Elasticity Math
Dr. Staffan Canback, Tellusant
To my pleasant surprise, this is my most popular substance-oriented post ever. There is hope.
I sometimes get the question “why do you use logarithms when calculating elasticities?” Rather than answering each time, I decided to answer once and point people to this post. Ask many, answer once.
I assume the reader knows elementary calculus.

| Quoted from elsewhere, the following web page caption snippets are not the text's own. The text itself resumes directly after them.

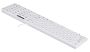Activejet Klawiatura USB K-3066SW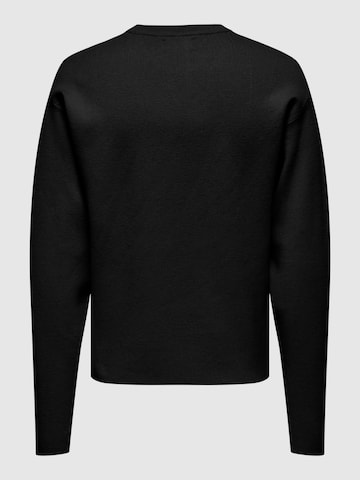 Only & Sons Pullover '22032220'‌‌‌‌‌‌‌ in Schwarz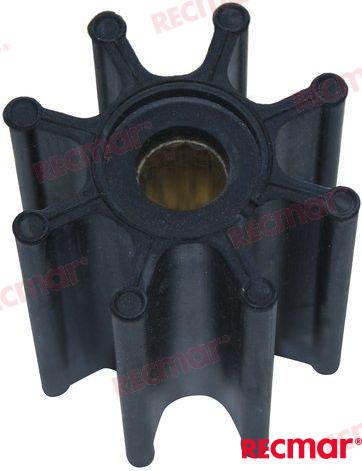 Impeller REC3593573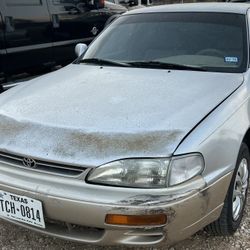 1996 Toyota Camry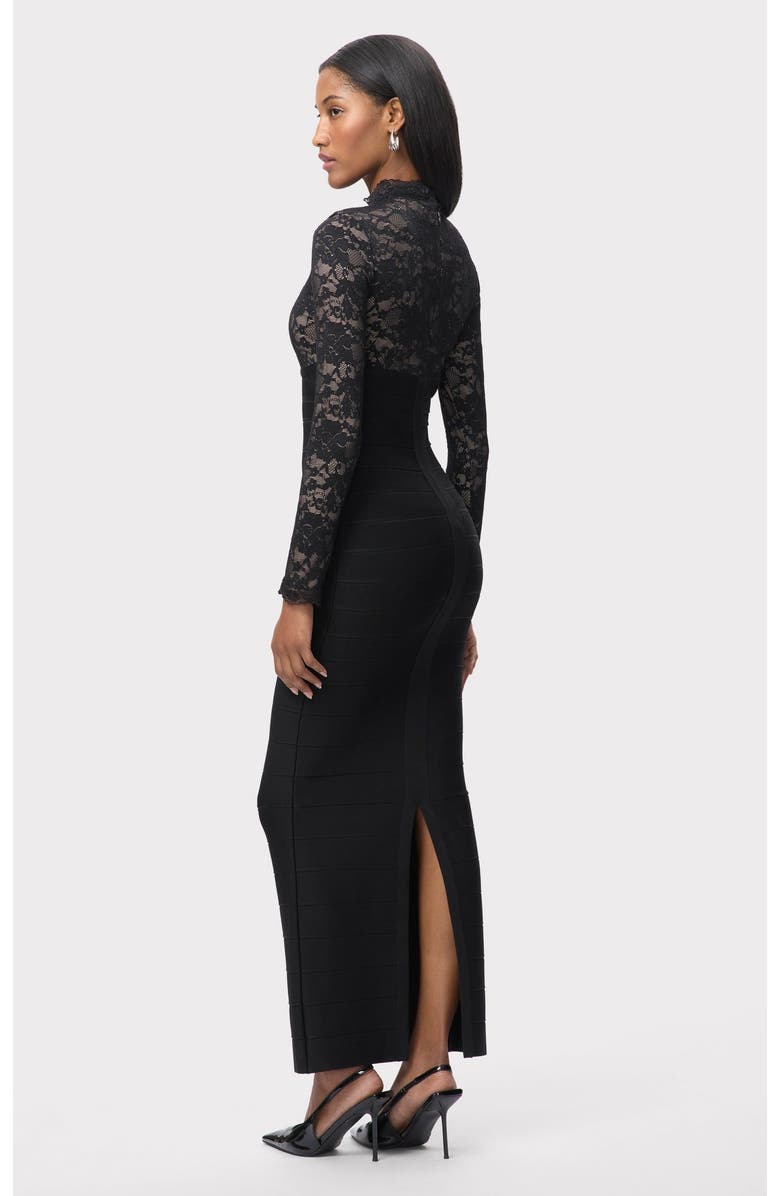 Herve Leger The Maisie Gown, Alternate, color, 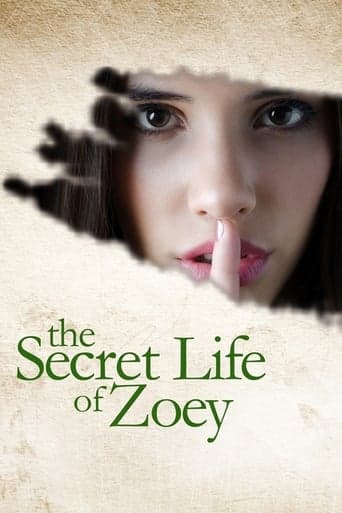 The Secret Life of Zoey poster - Find streaming availability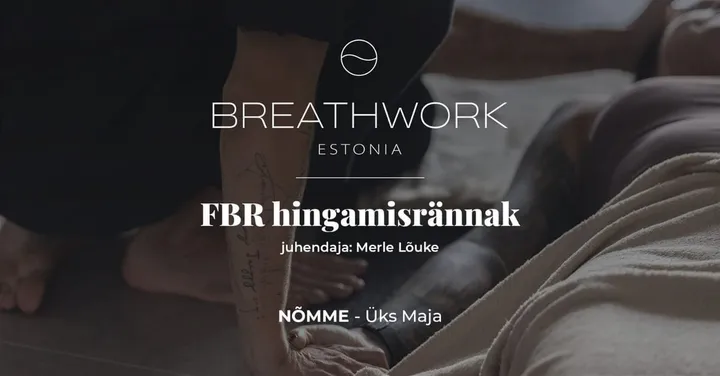 FBR | Hingamisrännak 22.11 (ÜKS MAJA)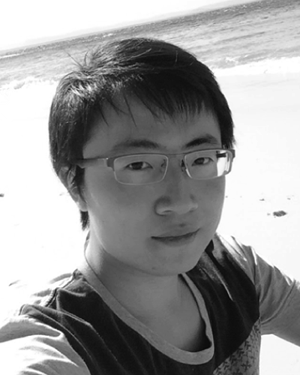 Hao Zhu
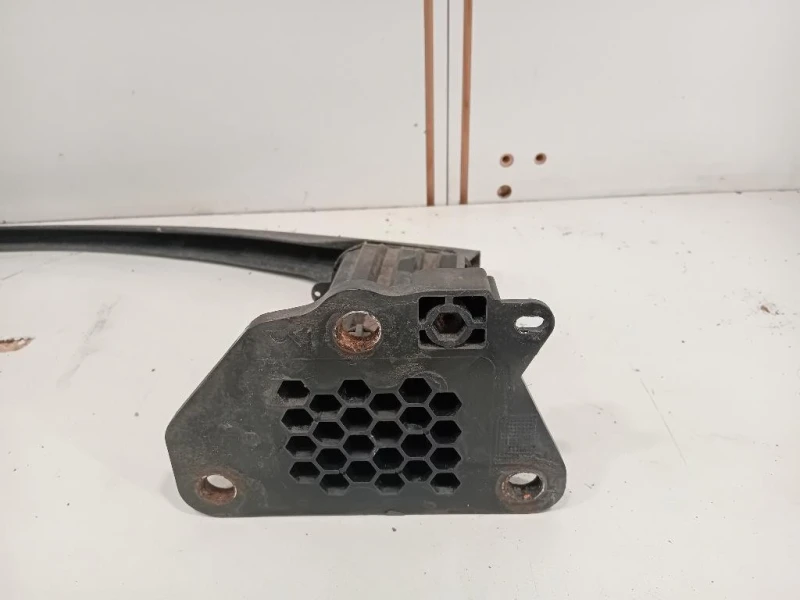 Traversa Paraurti INF ANT 52113571 Fiat 500X 2015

\[\mathbf{Elasticity\ \epsilon\ is\ defined\ as\ a\ change\ in\ input\ x\ leads\ to\ a\ change\ in\ output\ y}\] \[\textcolor{#c00000}{\epsilon=\frac{\Delta y}{y}/\frac{\Delta x}{x}}\] \[\mathbf{Take\ \mathrm{\Delta\} \ to\ the\ limit\ 0\ and\ you\ get}\] \[\textcolor{#c00000}{\epsilon=\ \frac{x}{y}\frac{dy}{dx}}\] \[\mathbf{Reconfigure\ the\ equation}\] \[\textcolor{#c00000}{\frac{dy}{y}=\epsilon\frac{dx}{x}}\] \[\mathbf{Integrate,\ remembering\ that\ the\ integral\ of\ \frac{1}{var}=\ln(var)}\] \[\textcolor{#c00000}{\ln{\left(y\right)}=\epsilon\ \cdot\ \mathrm{ln}{\left(x\right)}}\] \[\mathbf{Reordered}\] \[\textcolor{#c00000}{\epsilon =\ln{\left(y\right)}/\ln{\left(x\right)}}\] \[\mathbf{Which\ is\ equal\ to\ the\ first\ equation}\] \[\textcolor{#c00000}{\epsilon =\ \frac{\Delta y}{y}/\frac{\Delta x}{x}}\] \[\mathbf{\mathrm{Q.E.D.}}\]The reason the logarithm is taken is that it is equivalent to working with percentage changes, and it makes for a nice linear regression.¹
The equations shown explain this.² Think, for example, of y=demand and x=price. Then the elasticity tells us how much demand falls if price increases.³
What I have shown is in any relevant text book. Thus, no magic here, just a refresher.
Tellusant, Inc. sometimes works with this linear equation, but in most cases we use a nonlinear approach that is more complicated. As Angus Deaton, Nobel Prize winner in Economics pointed out:
“…[the linear regression model]…is not consistent with utility maximization…and will eventually lead to gross over-prediction”
¹ It also is a transformation that make observations normally distributed in many cases, thus reducing heteroscedasticity.
² Some readers may ask: Where is the constant C in the integration. I set it to zero for simplicity.
³ There are cases when demand increases when price increases. Those cases are rare.
AI was not used.